→ Task
Print exactly the lines below between the line holding "Three-bedroom villa with" and the line holding "お約束のペラペラビームライフ", inclusive, and nothing more.

→ Data extracts
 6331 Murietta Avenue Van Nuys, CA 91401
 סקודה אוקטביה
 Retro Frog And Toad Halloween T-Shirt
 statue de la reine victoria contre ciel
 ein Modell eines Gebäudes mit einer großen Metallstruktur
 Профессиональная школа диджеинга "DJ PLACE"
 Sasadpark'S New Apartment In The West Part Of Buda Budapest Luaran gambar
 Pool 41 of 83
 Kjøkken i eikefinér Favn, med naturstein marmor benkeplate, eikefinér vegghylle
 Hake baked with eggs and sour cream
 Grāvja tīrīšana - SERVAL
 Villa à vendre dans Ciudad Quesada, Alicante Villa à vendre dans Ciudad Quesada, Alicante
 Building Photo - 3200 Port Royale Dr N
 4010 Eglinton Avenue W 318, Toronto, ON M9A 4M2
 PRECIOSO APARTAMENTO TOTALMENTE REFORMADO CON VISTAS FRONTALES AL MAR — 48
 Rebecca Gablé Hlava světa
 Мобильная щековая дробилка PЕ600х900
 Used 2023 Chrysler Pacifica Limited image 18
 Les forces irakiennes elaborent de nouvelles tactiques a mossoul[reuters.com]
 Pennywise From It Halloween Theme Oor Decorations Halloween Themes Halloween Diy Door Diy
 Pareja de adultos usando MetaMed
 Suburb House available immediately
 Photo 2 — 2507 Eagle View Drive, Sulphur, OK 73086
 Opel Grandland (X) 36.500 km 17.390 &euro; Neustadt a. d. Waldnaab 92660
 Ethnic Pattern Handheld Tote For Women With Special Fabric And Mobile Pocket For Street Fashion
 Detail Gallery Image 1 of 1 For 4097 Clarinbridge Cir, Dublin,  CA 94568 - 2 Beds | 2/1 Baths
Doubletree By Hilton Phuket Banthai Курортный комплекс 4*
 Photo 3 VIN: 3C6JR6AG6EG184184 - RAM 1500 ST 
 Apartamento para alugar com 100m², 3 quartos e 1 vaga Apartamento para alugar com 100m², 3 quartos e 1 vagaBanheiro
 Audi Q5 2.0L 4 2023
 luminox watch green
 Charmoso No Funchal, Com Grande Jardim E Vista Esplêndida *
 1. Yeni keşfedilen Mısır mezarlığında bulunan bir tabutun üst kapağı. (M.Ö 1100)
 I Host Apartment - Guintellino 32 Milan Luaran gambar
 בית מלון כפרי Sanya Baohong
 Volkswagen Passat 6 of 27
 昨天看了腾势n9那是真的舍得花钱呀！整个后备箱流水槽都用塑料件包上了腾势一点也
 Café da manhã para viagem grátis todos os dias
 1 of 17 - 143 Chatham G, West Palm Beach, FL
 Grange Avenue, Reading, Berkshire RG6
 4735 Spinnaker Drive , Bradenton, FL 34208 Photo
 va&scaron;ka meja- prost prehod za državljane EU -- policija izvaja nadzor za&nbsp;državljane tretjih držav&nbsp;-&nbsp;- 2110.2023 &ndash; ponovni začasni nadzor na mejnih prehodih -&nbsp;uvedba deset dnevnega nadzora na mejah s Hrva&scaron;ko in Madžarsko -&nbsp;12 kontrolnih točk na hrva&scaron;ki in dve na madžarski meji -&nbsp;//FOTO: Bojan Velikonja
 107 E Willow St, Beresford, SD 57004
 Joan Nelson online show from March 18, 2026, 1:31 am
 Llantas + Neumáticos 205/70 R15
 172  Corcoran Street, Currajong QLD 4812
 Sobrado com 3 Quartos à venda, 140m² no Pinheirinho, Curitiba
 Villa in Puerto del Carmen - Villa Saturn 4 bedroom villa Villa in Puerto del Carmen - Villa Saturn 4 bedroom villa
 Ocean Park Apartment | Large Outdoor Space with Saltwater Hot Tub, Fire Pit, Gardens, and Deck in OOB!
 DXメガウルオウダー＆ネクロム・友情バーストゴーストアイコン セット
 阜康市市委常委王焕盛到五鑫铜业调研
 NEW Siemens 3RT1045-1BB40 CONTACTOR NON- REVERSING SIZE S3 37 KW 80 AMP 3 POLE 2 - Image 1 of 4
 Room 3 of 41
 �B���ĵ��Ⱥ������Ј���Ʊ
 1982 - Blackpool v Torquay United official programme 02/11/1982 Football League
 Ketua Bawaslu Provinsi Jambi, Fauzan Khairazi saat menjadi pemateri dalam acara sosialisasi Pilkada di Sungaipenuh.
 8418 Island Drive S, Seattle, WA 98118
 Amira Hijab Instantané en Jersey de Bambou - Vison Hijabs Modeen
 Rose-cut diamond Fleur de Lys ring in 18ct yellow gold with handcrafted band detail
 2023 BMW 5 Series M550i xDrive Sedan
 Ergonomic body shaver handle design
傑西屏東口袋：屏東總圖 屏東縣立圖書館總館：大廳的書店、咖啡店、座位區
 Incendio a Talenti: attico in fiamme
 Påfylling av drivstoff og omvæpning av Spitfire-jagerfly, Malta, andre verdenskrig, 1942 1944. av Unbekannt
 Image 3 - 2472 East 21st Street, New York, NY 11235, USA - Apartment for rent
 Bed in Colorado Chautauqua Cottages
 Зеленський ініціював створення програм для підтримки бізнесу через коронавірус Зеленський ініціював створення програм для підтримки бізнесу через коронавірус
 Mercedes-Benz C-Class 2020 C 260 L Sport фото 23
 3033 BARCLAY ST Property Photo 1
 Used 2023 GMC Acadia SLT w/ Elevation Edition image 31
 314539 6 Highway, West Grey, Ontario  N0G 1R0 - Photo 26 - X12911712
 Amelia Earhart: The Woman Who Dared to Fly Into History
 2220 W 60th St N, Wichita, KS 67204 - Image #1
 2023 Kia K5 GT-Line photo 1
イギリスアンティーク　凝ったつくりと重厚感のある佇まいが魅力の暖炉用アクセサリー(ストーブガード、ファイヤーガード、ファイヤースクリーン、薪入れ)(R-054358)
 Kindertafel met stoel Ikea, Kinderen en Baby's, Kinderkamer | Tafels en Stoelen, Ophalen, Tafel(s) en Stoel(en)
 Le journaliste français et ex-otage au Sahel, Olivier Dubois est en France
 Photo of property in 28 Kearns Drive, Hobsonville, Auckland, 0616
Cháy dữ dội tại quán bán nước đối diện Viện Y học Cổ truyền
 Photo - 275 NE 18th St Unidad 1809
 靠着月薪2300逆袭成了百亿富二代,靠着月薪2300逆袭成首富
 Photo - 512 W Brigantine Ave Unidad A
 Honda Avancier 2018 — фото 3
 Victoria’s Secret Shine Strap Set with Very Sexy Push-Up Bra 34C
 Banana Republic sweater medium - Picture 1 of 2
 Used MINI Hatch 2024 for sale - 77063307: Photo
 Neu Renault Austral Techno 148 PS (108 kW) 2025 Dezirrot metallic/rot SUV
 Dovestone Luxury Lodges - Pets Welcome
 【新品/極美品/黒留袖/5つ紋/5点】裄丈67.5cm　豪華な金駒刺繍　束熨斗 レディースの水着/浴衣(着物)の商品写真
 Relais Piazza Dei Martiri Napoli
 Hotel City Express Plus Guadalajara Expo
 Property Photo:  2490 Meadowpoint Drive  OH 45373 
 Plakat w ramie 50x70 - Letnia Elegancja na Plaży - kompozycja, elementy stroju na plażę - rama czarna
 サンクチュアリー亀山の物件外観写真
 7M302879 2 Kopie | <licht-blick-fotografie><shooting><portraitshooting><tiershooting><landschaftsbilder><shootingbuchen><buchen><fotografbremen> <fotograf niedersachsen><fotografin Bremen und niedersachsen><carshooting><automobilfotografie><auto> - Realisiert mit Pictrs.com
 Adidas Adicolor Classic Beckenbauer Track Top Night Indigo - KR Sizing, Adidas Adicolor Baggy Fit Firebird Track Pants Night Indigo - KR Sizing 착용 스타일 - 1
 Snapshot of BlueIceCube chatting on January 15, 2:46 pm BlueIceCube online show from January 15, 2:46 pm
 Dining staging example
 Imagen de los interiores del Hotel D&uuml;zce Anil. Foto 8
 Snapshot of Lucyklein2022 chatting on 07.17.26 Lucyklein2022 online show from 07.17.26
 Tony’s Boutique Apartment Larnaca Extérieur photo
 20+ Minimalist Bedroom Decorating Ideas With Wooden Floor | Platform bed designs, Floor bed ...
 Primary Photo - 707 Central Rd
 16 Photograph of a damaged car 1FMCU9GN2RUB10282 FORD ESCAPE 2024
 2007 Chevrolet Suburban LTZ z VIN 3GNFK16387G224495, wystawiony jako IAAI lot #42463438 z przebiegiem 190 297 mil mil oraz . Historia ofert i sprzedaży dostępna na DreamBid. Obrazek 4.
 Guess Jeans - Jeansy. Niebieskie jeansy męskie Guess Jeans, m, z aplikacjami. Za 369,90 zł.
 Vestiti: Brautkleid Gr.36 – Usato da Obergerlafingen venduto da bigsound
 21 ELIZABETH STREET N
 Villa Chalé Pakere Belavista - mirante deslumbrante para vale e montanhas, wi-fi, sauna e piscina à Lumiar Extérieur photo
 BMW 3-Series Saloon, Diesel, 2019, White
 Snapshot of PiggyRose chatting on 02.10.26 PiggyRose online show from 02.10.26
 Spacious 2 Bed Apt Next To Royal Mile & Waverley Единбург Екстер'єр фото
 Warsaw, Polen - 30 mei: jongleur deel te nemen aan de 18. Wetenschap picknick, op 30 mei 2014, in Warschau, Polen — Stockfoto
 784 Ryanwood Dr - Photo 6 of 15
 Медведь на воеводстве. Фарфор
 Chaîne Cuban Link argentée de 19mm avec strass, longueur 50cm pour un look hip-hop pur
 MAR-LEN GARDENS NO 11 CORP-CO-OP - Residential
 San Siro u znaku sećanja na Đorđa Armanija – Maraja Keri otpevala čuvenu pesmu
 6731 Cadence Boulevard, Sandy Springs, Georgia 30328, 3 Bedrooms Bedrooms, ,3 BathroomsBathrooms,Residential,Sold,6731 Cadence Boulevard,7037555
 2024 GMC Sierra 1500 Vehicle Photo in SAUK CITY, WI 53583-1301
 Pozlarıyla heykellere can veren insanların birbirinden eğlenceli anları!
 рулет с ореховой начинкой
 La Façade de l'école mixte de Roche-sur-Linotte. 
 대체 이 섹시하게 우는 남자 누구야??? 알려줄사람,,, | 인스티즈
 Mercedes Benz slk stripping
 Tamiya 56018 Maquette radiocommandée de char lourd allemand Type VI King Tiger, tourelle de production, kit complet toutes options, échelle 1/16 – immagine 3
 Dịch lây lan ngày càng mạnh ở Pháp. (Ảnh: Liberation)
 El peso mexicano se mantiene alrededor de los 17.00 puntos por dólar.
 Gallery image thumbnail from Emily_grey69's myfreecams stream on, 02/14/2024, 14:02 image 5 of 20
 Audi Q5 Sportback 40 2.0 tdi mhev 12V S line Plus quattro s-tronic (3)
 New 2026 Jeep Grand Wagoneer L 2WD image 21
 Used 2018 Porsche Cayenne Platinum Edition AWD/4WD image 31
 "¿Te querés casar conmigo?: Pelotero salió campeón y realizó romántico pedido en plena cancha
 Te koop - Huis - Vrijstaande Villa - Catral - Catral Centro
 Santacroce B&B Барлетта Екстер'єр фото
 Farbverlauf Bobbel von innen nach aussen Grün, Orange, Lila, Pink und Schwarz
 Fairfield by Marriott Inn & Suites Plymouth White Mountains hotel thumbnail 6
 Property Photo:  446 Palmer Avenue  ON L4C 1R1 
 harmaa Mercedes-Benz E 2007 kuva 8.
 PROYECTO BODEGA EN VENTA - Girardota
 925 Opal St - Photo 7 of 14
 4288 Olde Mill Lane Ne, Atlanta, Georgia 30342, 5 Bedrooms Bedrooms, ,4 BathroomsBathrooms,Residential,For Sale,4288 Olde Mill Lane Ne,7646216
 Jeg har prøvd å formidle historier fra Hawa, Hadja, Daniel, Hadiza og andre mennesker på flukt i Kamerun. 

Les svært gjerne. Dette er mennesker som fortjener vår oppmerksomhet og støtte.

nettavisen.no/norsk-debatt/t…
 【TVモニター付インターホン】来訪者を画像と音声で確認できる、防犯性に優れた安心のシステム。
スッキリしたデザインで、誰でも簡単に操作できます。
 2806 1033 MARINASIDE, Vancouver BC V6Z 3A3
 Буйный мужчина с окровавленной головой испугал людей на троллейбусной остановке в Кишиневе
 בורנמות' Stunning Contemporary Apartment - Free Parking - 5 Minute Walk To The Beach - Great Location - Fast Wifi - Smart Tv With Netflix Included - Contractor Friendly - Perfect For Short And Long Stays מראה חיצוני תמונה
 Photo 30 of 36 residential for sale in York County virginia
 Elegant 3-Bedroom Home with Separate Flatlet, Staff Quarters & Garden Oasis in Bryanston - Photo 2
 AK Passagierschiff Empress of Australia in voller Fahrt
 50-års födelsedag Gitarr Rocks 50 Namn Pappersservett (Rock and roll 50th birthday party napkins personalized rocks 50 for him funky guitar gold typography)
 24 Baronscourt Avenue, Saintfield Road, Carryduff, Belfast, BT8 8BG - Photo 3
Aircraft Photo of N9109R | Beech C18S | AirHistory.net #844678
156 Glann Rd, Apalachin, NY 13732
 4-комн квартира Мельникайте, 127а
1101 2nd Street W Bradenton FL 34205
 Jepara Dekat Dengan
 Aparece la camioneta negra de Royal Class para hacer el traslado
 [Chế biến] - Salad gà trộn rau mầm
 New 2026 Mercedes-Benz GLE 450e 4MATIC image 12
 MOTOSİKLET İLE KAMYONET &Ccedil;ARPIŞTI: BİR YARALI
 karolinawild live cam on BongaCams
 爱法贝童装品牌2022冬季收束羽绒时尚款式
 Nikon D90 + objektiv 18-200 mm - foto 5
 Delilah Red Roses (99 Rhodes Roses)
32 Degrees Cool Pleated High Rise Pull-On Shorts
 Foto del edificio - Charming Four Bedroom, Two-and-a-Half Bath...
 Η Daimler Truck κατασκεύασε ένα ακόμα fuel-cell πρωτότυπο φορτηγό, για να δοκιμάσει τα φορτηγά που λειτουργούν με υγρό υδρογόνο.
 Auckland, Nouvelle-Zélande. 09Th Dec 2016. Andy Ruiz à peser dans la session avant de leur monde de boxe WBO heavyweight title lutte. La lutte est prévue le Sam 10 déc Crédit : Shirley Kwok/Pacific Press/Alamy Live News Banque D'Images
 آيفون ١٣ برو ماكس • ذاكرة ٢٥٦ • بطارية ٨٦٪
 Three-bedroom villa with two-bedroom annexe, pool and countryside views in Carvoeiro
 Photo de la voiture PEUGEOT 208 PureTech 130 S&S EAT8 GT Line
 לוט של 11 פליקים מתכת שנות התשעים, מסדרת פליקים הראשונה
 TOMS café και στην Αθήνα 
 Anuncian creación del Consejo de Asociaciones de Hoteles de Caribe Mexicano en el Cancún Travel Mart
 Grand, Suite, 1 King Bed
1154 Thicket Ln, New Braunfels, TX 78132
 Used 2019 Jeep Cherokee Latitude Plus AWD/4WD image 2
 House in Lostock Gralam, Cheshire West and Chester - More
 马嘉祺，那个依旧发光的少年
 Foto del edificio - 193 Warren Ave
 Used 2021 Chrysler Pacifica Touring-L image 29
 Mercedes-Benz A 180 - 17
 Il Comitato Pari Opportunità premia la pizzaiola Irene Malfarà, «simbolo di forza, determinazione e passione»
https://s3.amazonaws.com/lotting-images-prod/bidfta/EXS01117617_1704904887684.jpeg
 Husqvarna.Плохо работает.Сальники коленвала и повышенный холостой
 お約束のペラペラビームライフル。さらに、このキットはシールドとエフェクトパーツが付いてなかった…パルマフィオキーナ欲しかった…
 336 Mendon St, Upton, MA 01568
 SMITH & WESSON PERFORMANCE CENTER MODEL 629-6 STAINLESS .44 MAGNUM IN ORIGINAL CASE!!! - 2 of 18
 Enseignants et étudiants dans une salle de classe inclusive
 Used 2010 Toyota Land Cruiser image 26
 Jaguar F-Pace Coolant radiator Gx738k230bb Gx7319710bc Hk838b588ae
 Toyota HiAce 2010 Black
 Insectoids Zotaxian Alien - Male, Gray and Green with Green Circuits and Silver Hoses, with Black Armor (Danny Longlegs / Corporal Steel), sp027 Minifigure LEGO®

→ Written response
 Three-bedroom villa with two-bedroom annexe, pool and countryside views in Carvoeiro
 Photo de la voiture PEUGEOT 208 PureTech 130 S&S EAT8 GT Line
 לוט של 11 פליקים מתכת שנות התשעים, מסדרת פליקים הראשונה
 TOMS café και στην Αθήνα 
 Anuncian creación del Consejo de Asociaciones de Hoteles de Caribe Mexicano en el Cancún Travel Mart
 Grand, Suite, 1 King Bed
1154 Thicket Ln, New Braunfels, TX 78132
 Used 2019 Jeep Cherokee Latitude Plus AWD/4WD image 2
 House in Lostock Gralam, Cheshire West and Chester - More
 马嘉祺，那个依旧发光的少年
 Foto del edificio - 193 Warren Ave
 Used 2021 Chrysler Pacifica Touring-L image 29
 Mercedes-Benz A 180 - 17
 Il Comitato Pari Opportunità premia la pizzaiola Irene Malfarà, «simbolo di forza, determinazione e passione»
https://s3.amazonaws.com/lotting-images-prod/bidfta/EXS01117617_1704904887684.jpeg
 Husqvarna.Плохо работает.Сальники коленвала и повышенный холостой
 お約束のペラペラビームライフル。さらに、このキットはシールドとエフェクトパーツが付いてなかった…パルマフィオキーナ欲しかった…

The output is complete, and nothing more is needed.